‘Soul’ also made me very uncomfortable

The dreamy landscape of the Great Before. Images courtesy Walt Disney Pixar Animation Studios.

7/10 Soul is a charming and often hilarious movie about the desperate drive to live, both in the physical and spiritual senses. It’s a great watch, none of its flaws are damning, and I would recommend it for just about everyone.

But my dreams are dark, and much like Onward from the same studio earlier this year, they are all I can see in this film.

New York City- Joe Gardner (Jamie Foxx), an aspiring jazz pianist who’s gotten a little too old to aspire, is finally offered a full-time middle school teaching position and the security that comes with it. The same day, he gets the break he’s been waiting for his whole life when a former student hooks him up with Dorothea Williams (Angela Basset), who headlines a major local quartet. Over the moon after his successful audition, Gardner falls down an open manhole and dies. He refuses to go into the afterlife and tries to will himself back to his body.

In his scramble, Gardner falls into another plane, this one for souls who haven’t been born yet. He is assigned as a mentor to soul no. 22 (Tina Fey), who has been in her pre-birth state for eons because she can not find a “spark,” a seed of inspiration that all souls must have before they can be born.

There’s immediately a passive “those who can do, those who can’t teach” presumption that’s uncomfortable to watch play out.

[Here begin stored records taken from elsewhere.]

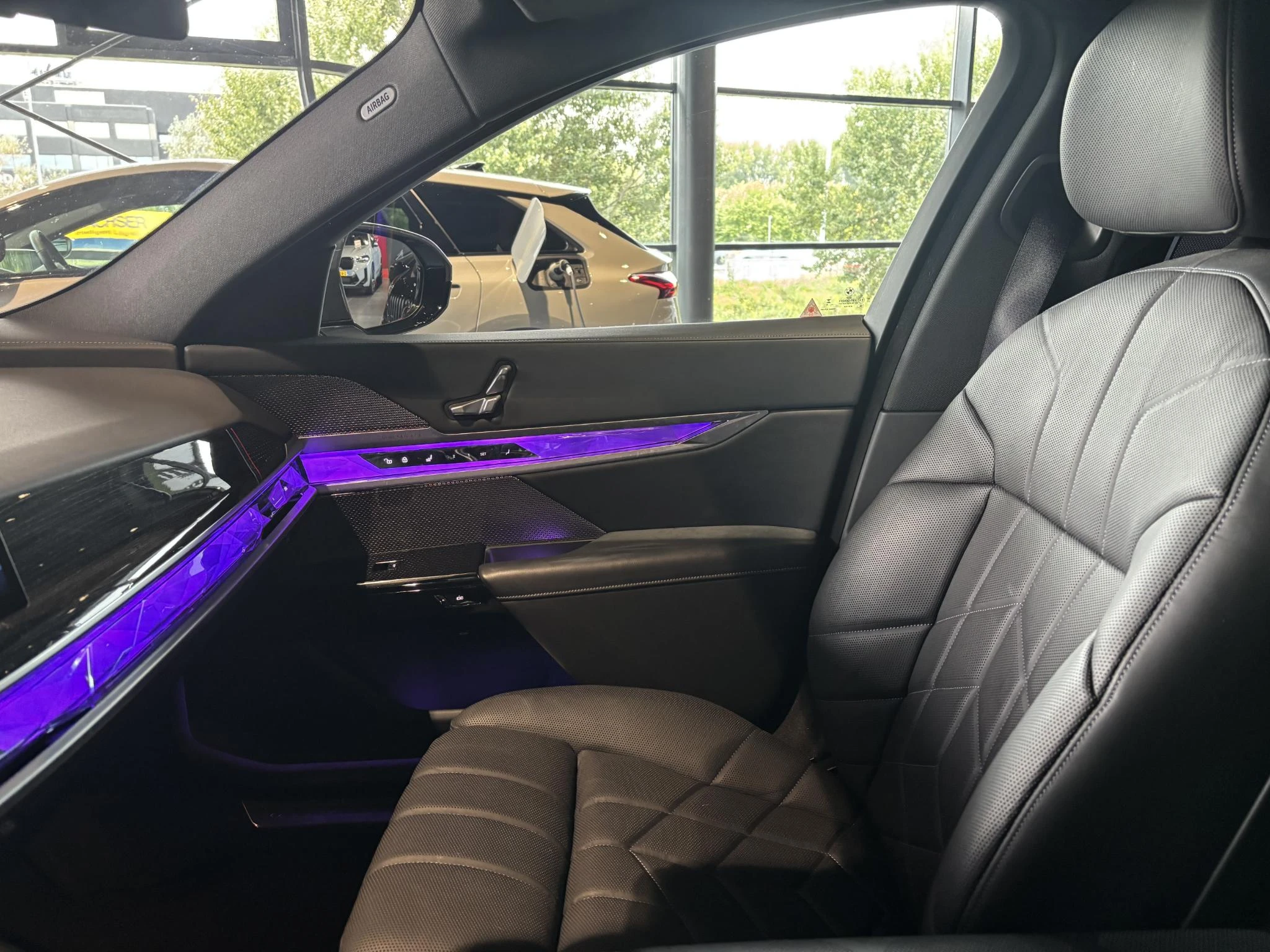 BMW-i7-image-11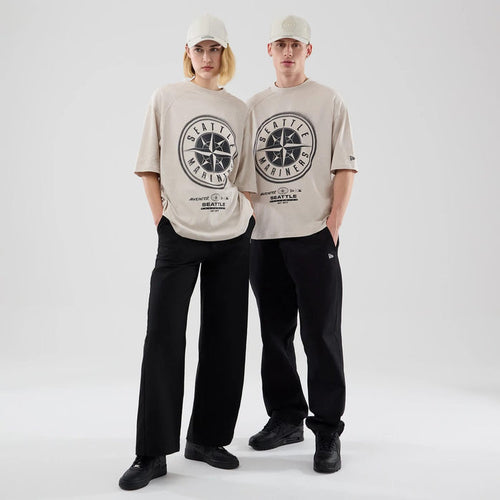 The model is wearing this MLB Graphic Seattle Mariners Boxy T-Shirt in cream. 1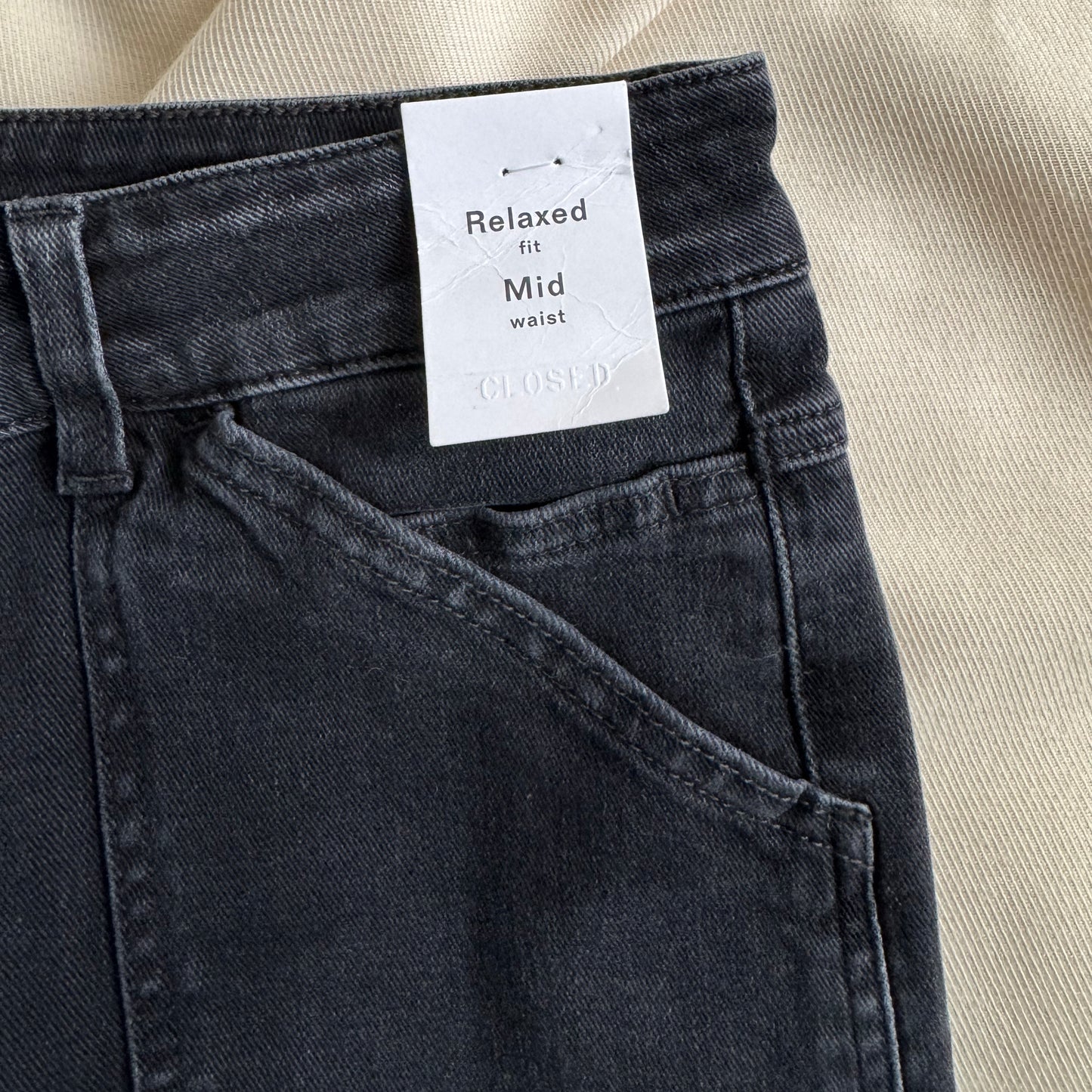 Closed Official "Abe" Jeans in Anthracite, size 26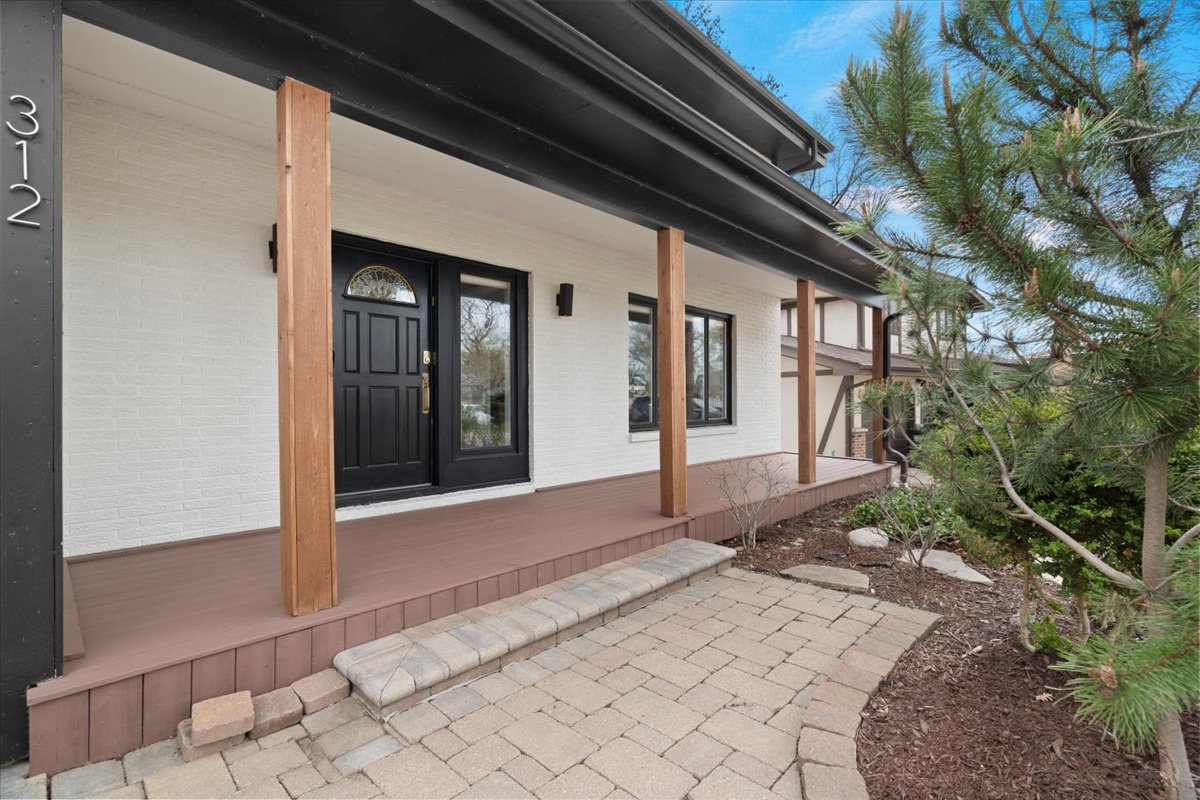 312 LAKE SHORE Drive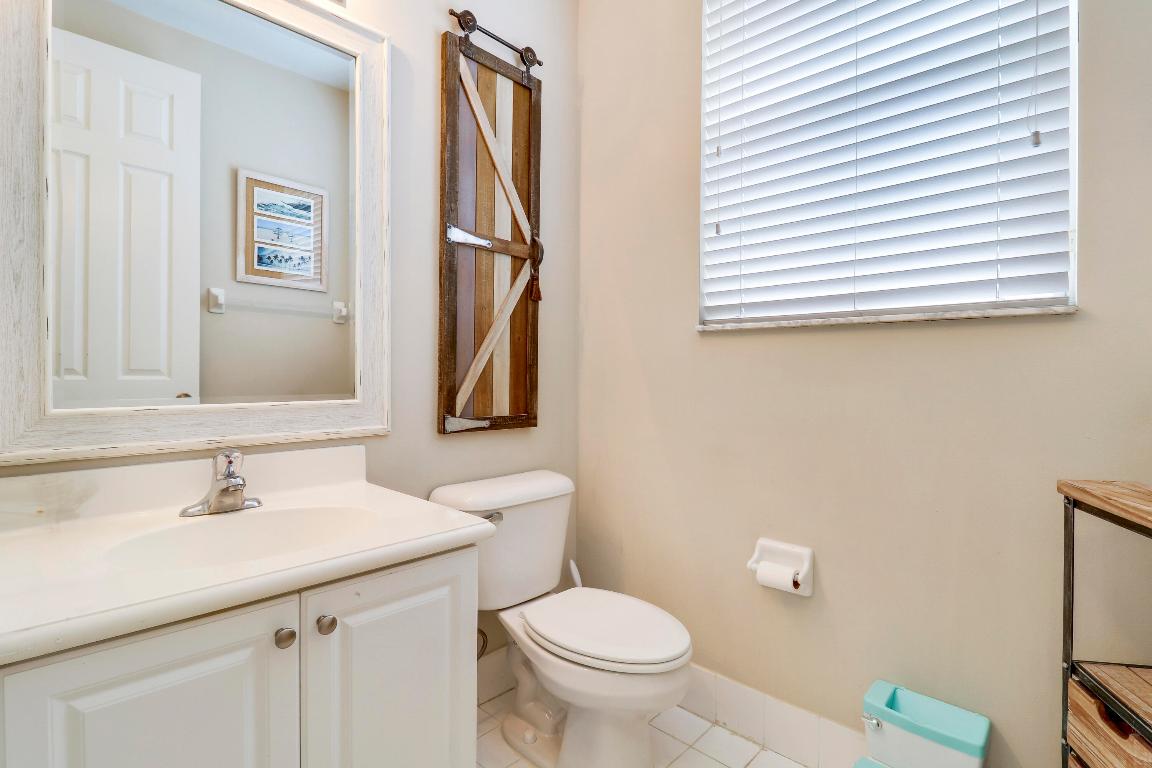 1566 Grande Cull Way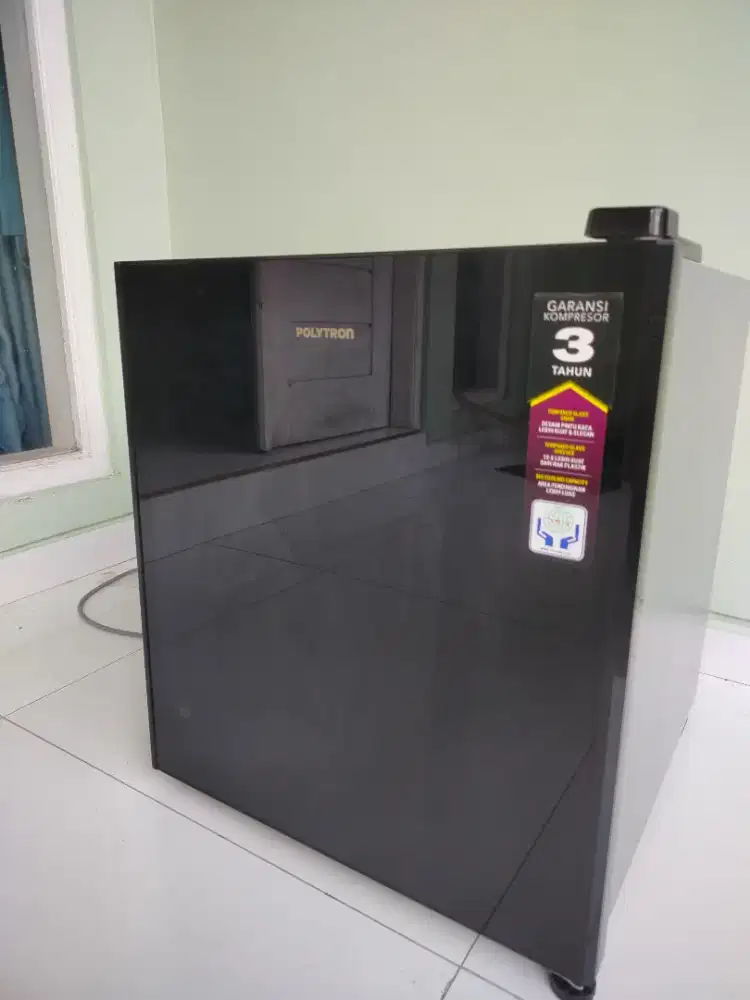 Kulkas portabel 1 pintu seri Polytron Kulkas Mini PRH 51X
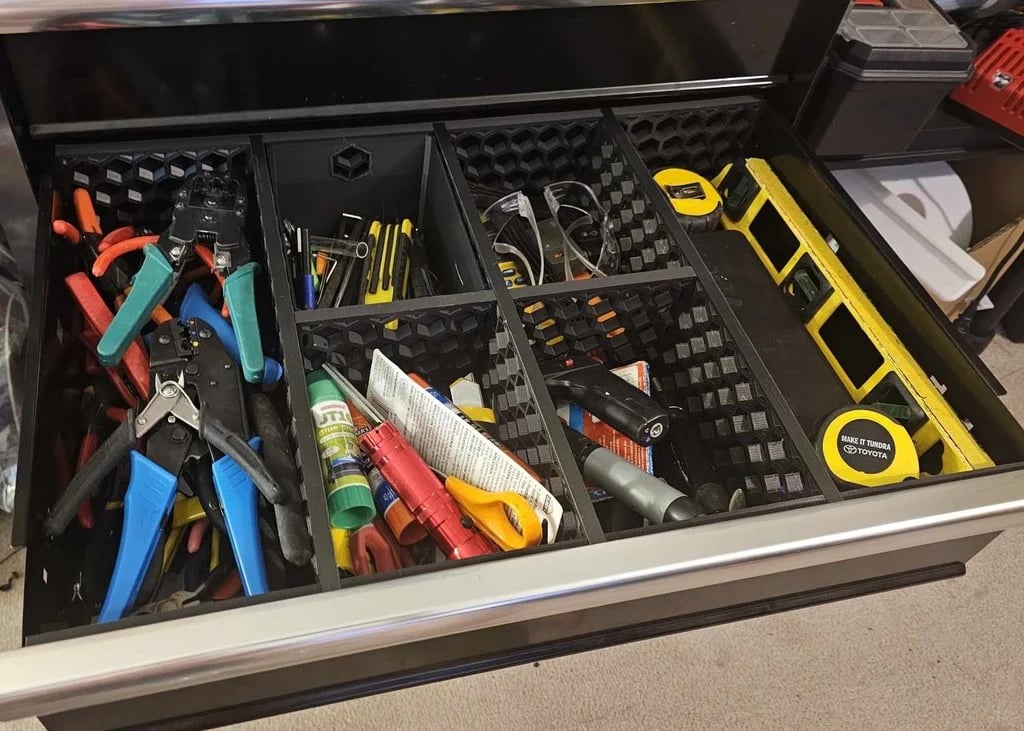 Husky Tool Drawer Divider 3d model
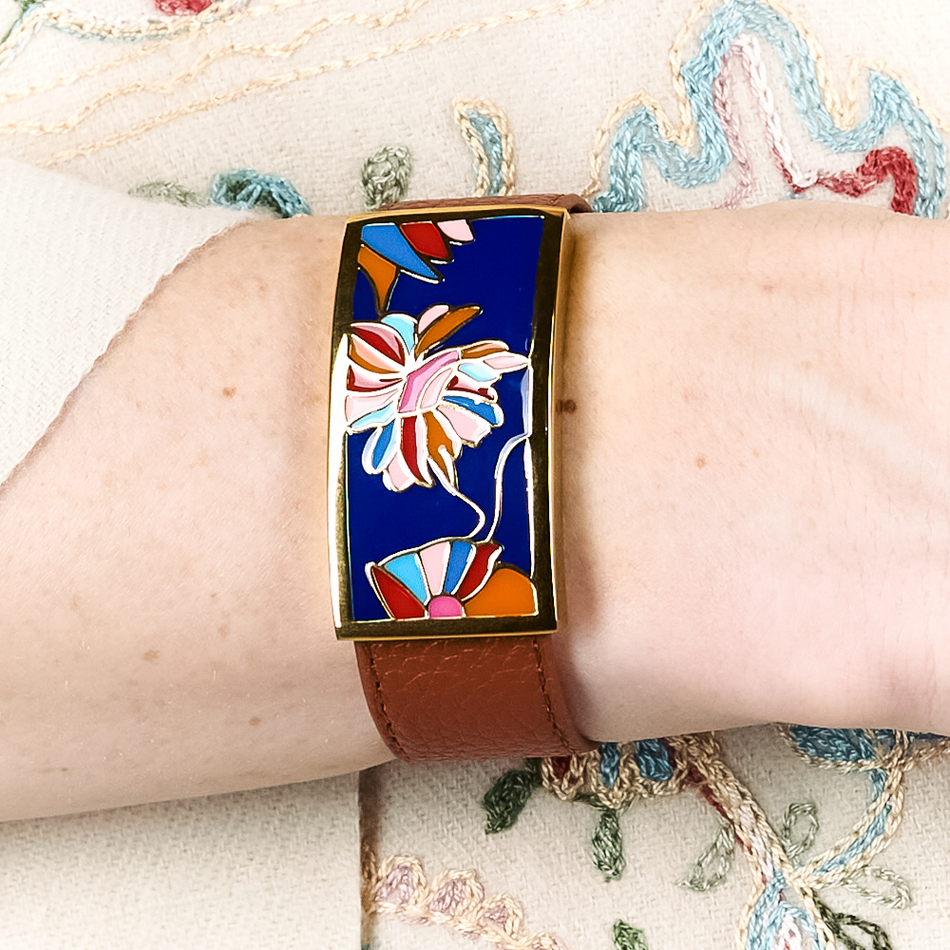 Браслет Fiore Luna на коричневом кожаном ремешке CB13599-9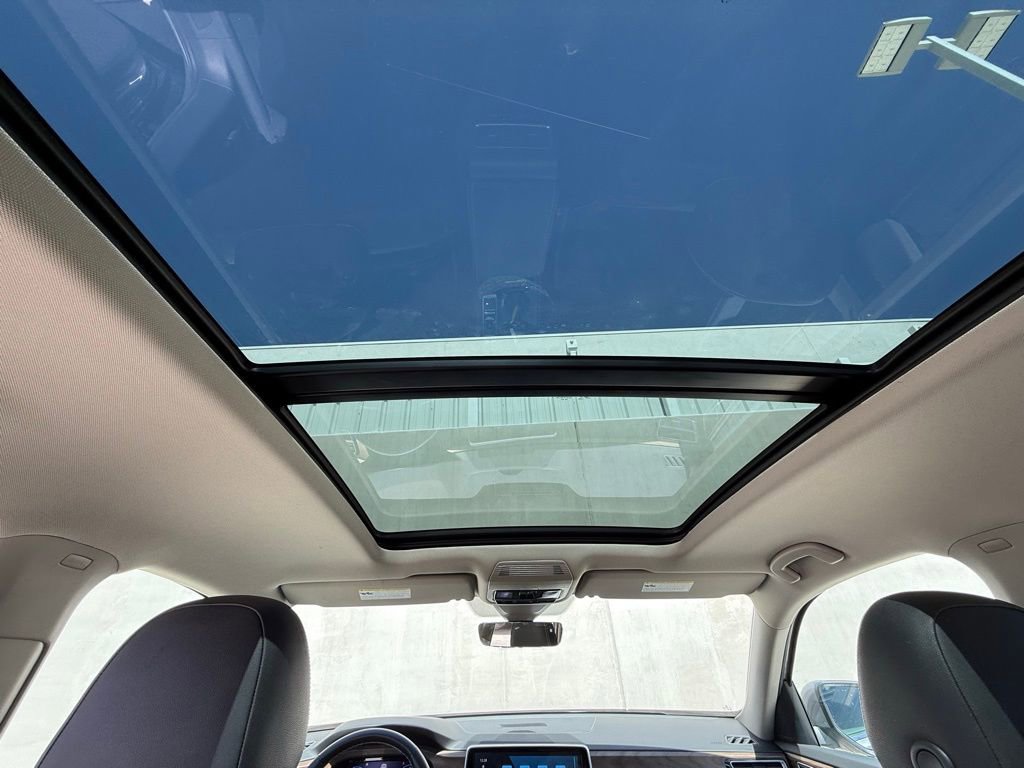 Certified 2025 Volkswagen Atlas SE image 7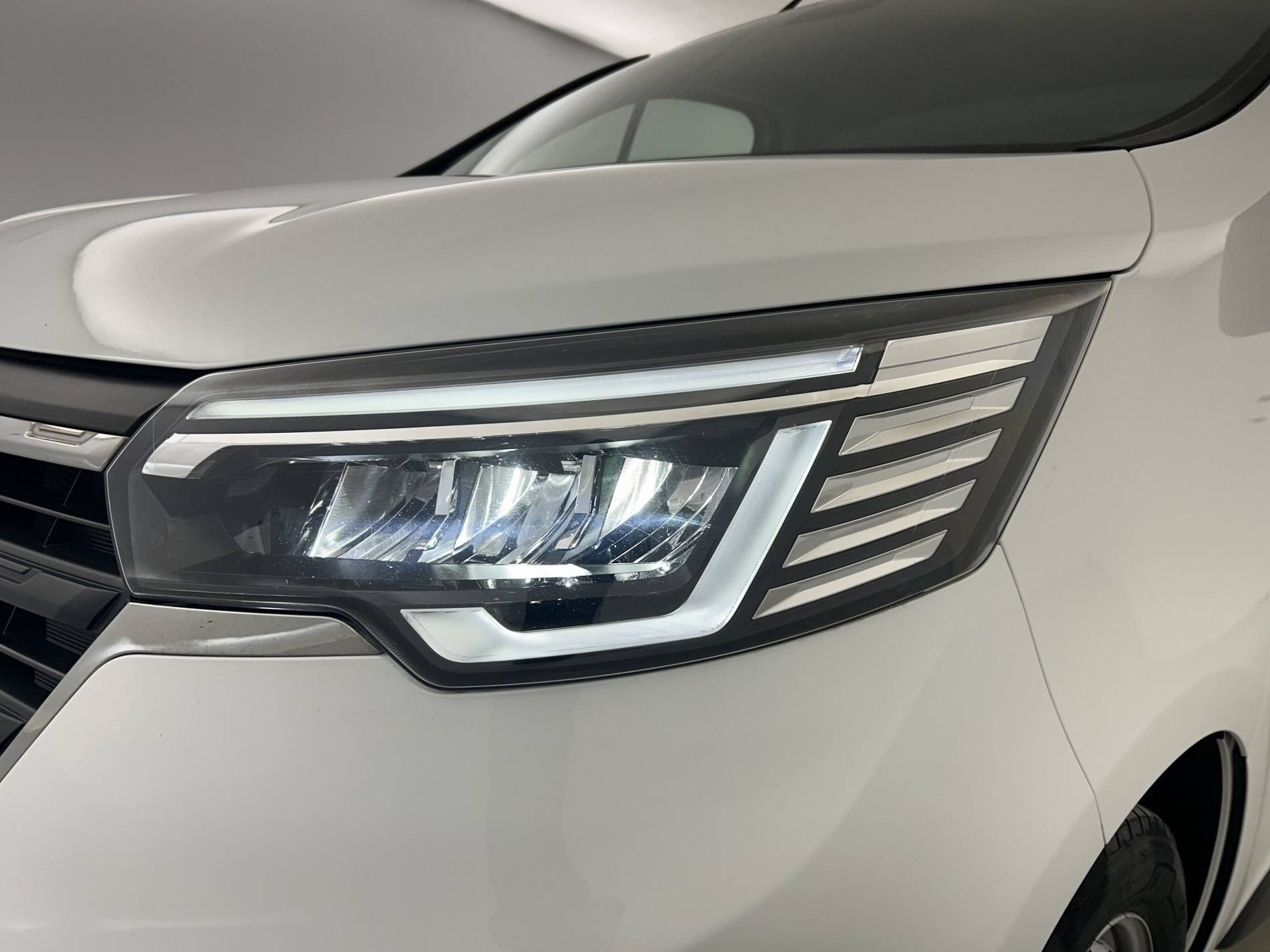 Vente en ligne Renault Trafic 3 Fourgon TRAFIC FG BLUE DCI 130 L1H1 3T GSR2 au prix de 24 990 €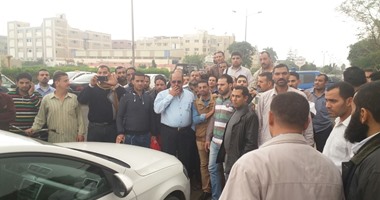 استمرار إضراب 250 عاملا فى مصنع بـ"العاشر"والإدارة تستعين بقوات تأمين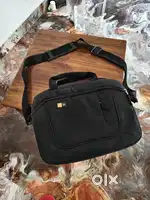 International Brand Case Logic Ipad or small laptop bag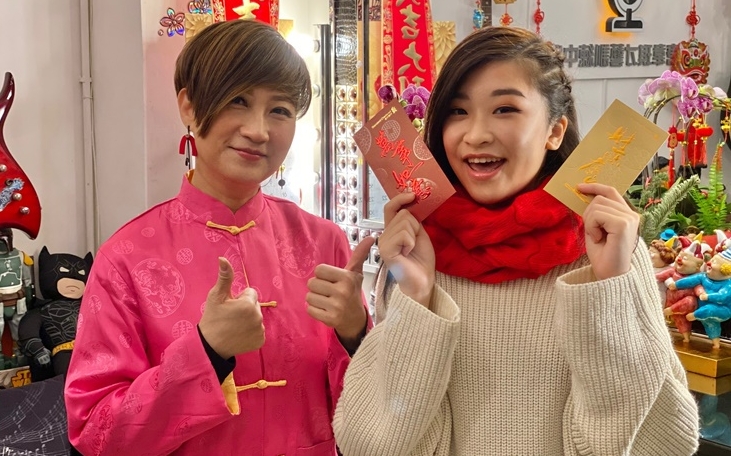 張若希唔使等老師結婚,唐韋琪都給她雙封利是。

Gardner accepts his assignment explicitly because the alternative is going straight into the real afterlife, which he is afraid and unready to do. This is a reflection of his choice between teaching and going into the real life of the gig economy, which he is eager to do. On the surface, it’s a reversal – he teaches in life to make ends meet while pursuing his dream and he teaches in death to delay the inevitable, but in both cases he does it ashamedly and as an alternative to what’s really on his mind. This isn’t to say that the movie’s bad because the main character doesn’t want to be a teacher, plenty of people don’t, but I can’t help but feel bad for any teacher watching this and seeing disdainful stereotypes about their profession play out in both life and death.

Pixar has had a difficult relationship with originality recently. After building a refusal to make sequels into the its identity in the ‘00s, the studio suddenly produced seven in 10 years from Toy Story 3 to Toy Story 4. There’s been an intent to correct course recently, and the explicit intent of Soul was to take audiences somewhere we hadn’t been before, but it can’t help but feel like a retread of Inside Out. They’ve even got Fey in second billing in Soul, succeeding her longtime friend and colleague Amy Poehler, who led Inside Out.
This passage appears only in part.